Flight delay insurance marketplace powered by delay prediction risk score
delayStats.ipynb
This notebook explores a dataset of 2016 flights, filtering for those that originated from Boston, and visualizing the features and overall statistics of delay times. Given the distribution of delay times, the 4 "delay blocks" were chosen for the final risk score calculation:
- Less than 30 min
- Greater than 30 min and Less than or equal to 60 min
- Greater than 60 min and Less than or equal 120 min
- Greater than 120 min
Other statistics were calculated such as number of total and delayed flights by month, carrier, and destination airport, to understand importance of various features.
riskCalc.ipynb
This notebook was an early test to compare a regression model of predicting the exact flight delay time or a classification model to group the delay into one of the 4 "delay blocks." While some delay time prediction results from a Random Forest Regressor looked promising, the error rate was significant enough that ultimately the decision was made to use the delay blocks in the final model.
delayPred.ipynb
This notebook focuses on testing different models to predict a delay block for Boston origin flights.
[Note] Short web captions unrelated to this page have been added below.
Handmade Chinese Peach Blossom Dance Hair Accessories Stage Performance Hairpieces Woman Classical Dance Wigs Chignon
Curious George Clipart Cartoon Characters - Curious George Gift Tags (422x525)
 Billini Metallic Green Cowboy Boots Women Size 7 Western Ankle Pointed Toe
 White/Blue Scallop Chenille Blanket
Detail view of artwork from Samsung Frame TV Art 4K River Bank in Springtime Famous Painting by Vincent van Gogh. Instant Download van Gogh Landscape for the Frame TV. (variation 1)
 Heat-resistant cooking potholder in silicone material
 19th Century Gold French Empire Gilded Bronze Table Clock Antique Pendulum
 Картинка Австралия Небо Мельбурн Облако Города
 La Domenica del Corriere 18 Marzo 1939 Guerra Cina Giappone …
KFold method (4 splits) was used to partition training, validiation, and testing sets. Logistic Regression, Bagging Classifier, Gradient Boosting, AdaBoost, Multilayer Perceptron (MLP), K Nearest Neighbors, and Random Forest Classifiers were tested, with Gradient Boosting Classifer producing the best result, with a score of 0.862. However, in further testing, the Random Forest model proved to be more robust and was chosen as the final model.